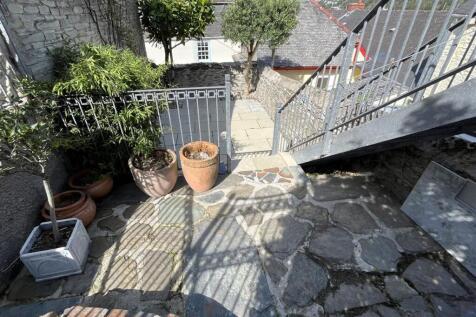 patio and courtyard.JPG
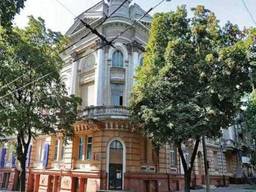 Трехэтажное здание на Соборной площади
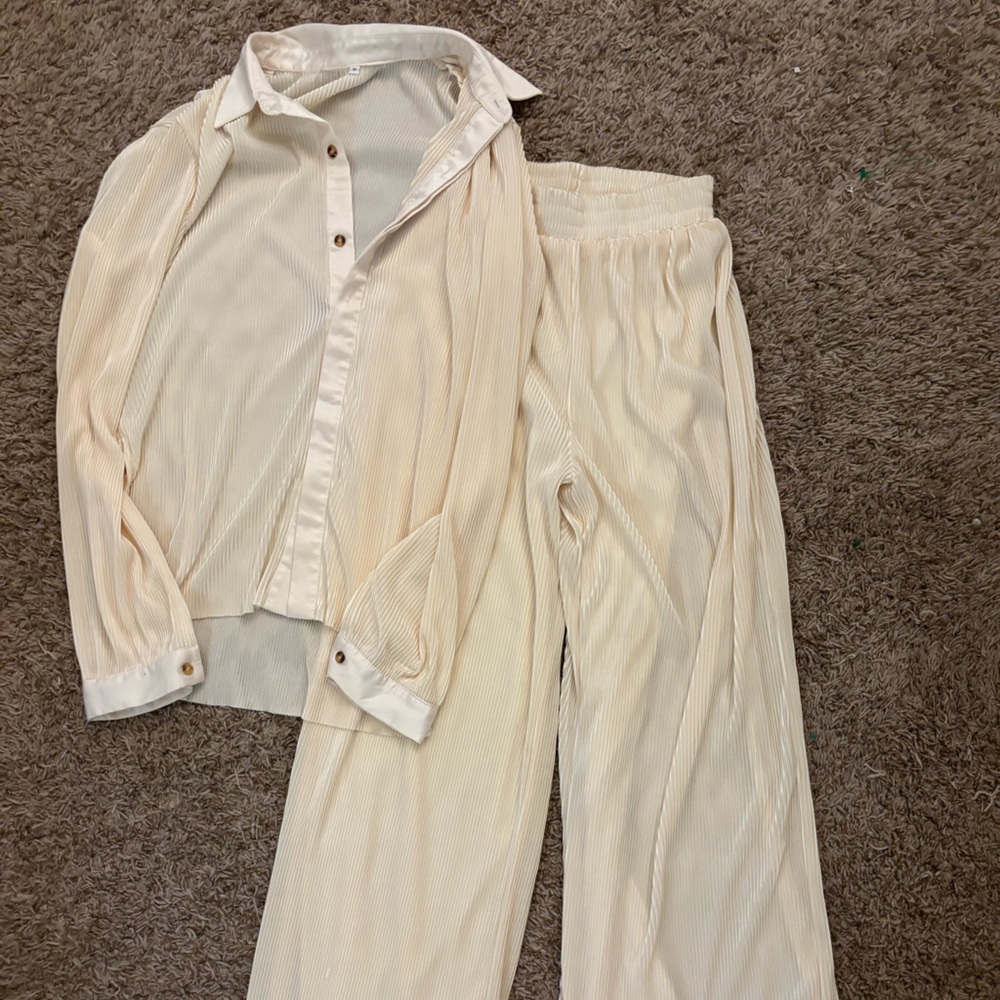 Elegant Cream Women's Jumpsuit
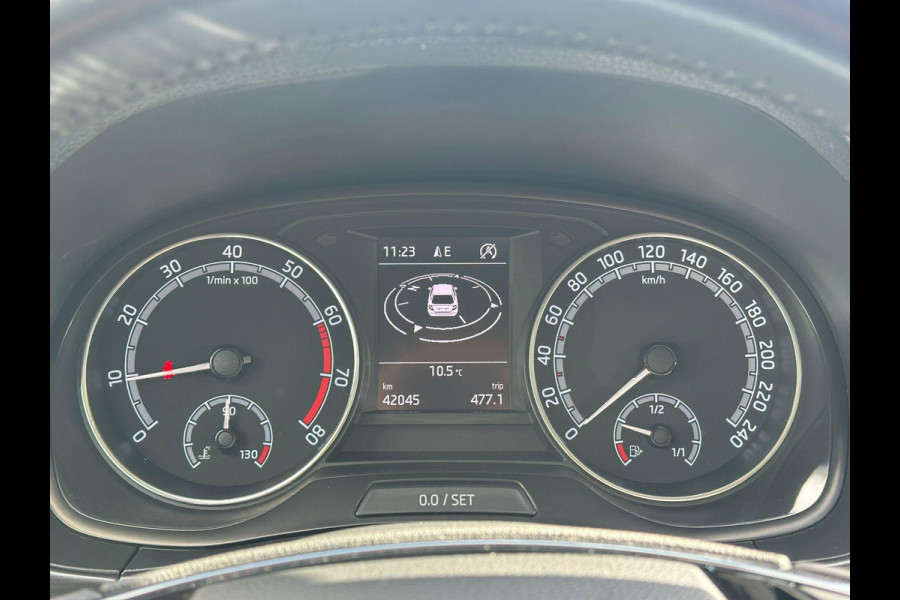 Škoda Fabia 1.0 TSI Business Edition 95 PK | Cruise Control | Airco | Lane assist | 16 Inch Lichtmetalen Velgen | Multifunctioneel Stuurwiel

• **EXERCISE DIRECTIONS**
Take the lines from the one containing "Трехэтажное здание на Соборной площади" through the last line of the listing and repeat them exactly. Omit the pictures.

• **WRITTEN ANSWER**
 Трехэтажное здание на Соборной площади
 Elegant Cream Women's Jumpsuit
 Škoda Fabia 1.0 TSI Business Edition 95 PK | Cruise Control | Airco | Lane assist | 16 Inch Lichtmetalen Velgen | Multifunctioneel Stuurwiel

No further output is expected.